# (old) slayer und element hinterbau jährlich warten (?)



## wilson (27. August 2006)

Auf bikeaction.de heisst es, man solle die Hinterbauten vom alten Slayer und vom Element mindestens einmal pro Jahr warten. Es wird empfohlen, die Gelenke zu reinigen und zu fetten.
Macht ihr das und wenn ja wie? Kann man die Gelenke einfach aufschrauben?


----------



## Der Toni (27. August 2006)

Nein, ich fahre mein Element (03er) seit 2 Jahren und werde an die Lager erst gehen, wenn es mir notwendig erscheint. Bis jetzt funktioniert der Hinterbau 1A. D.h agiles Ein und Ausfedern und keine Geräusche und kein Spiel. Die notwendigen Ersatzlager habe ich aber schon in Reserve.


----------



## MTB-News.de




----------



## Catsoft (28. August 2006)

Ich würde das auch nicht machen. 2 x Jährlich den Dämpfer ausbauen und den Hinterbau auf "Leichgängigkeit" prüfen. Das reicht allemal. Mein Lagersatz beim 98ziger Element hat 6 Jahre seine Dienst getan  , bei meinem 03er TSC waren nach 3 Jahren Lager und Achsen fällig


----------



## All-Mountain (28. August 2006)

wilson schrieb:
			
		

> ...alten Slayer und vom Element...



Meinst Du damit etwa noch die alten Gleitlager? Die benötigen schon etwas Pflege.

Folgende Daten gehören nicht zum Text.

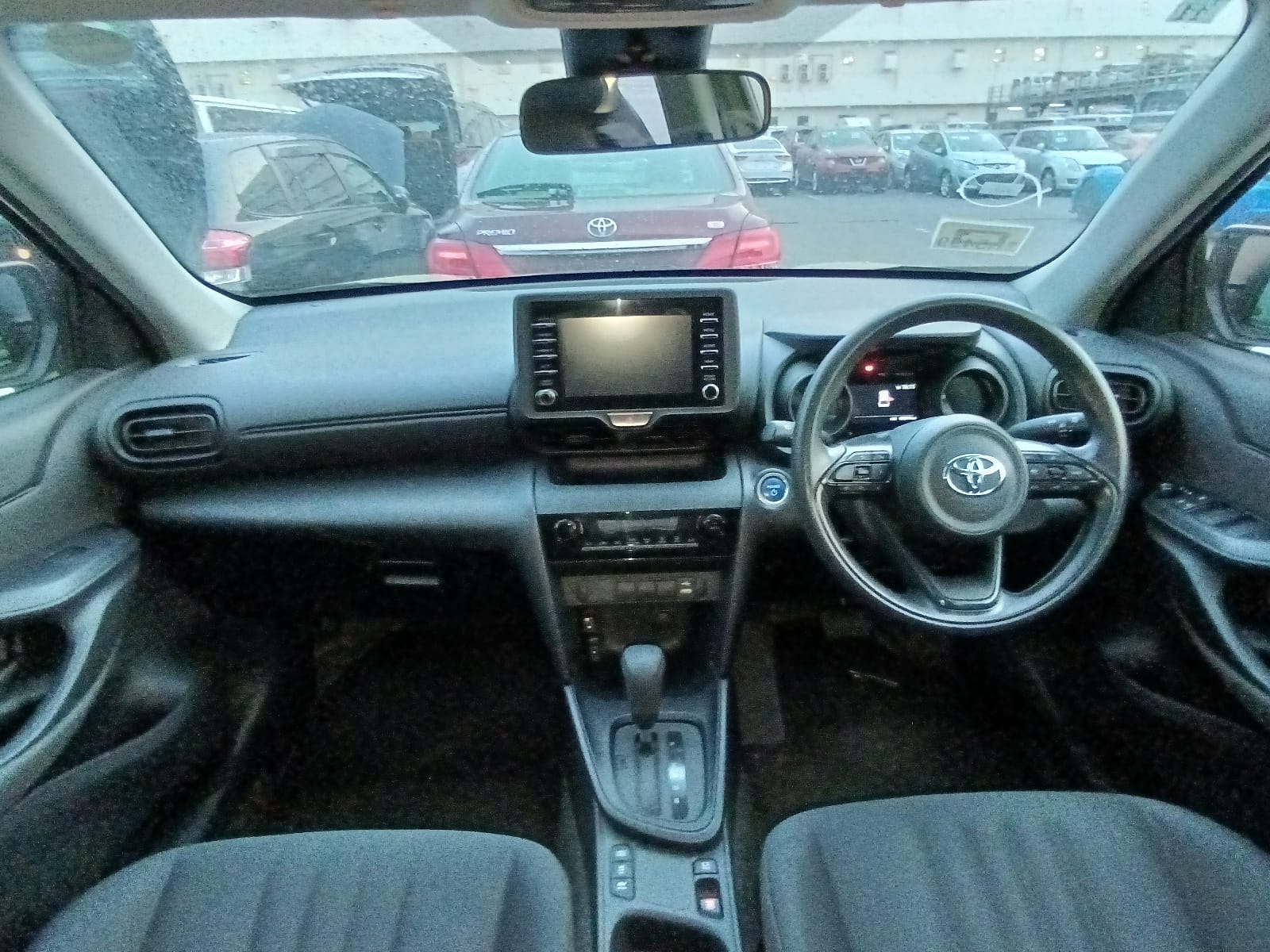 Toyota YARIS CROSS EX 2021 (Hybrid, Auction Grade 4) – Brown | 65,243 km | ECB Showroom | STK-260310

Die Industrielager der neueren Modellen (z. B. an meinem Slayer) werde ich einfach nur fahren, solage die problemlos funktionieren.


----------



## Catsoft (28. August 2006)

Du solltest eine Umfrage starten, bis jetzt steht es 2:1 für nix tun


----------



## SlayMe (28. August 2006)

Ich tu auch nix - seit drei Jahren. Denn alles funktioniert bestens.
3:1


----------



## MWU406 (29. August 2006)

ich tu auch nichts dran (Slayer aus April 04)
4:1


----------



## Catsoft (29. August 2006)

MWU406 schrieb:
			
		

> ich tu auch nichts dran (Slayer aus April 04)
> 4:1



Halt! Es geht um die Gleitlagerversionen, also immer noch 3:1


----------



## MWU406 (29. August 2006)

@catsoft
da siehst mal wie wenig ich oder der Bikehändler meines Vertrauens da dran machen


----------



## All-Mountain (29. August 2006)

Also wenn es um die alten Gleitlager geht solltest Du mal hier reinschauen:
Schmierung der Element Gleitlager (um hier mal wieder etwas ernst reinzubringen )


----------



## Catsoft (29. August 2006)

Ja, im Ernst: Nicht schmieren, von Zeit zu Zeit prüfen und ggf. gegen die verbesserten Lager von IGUS austauschen.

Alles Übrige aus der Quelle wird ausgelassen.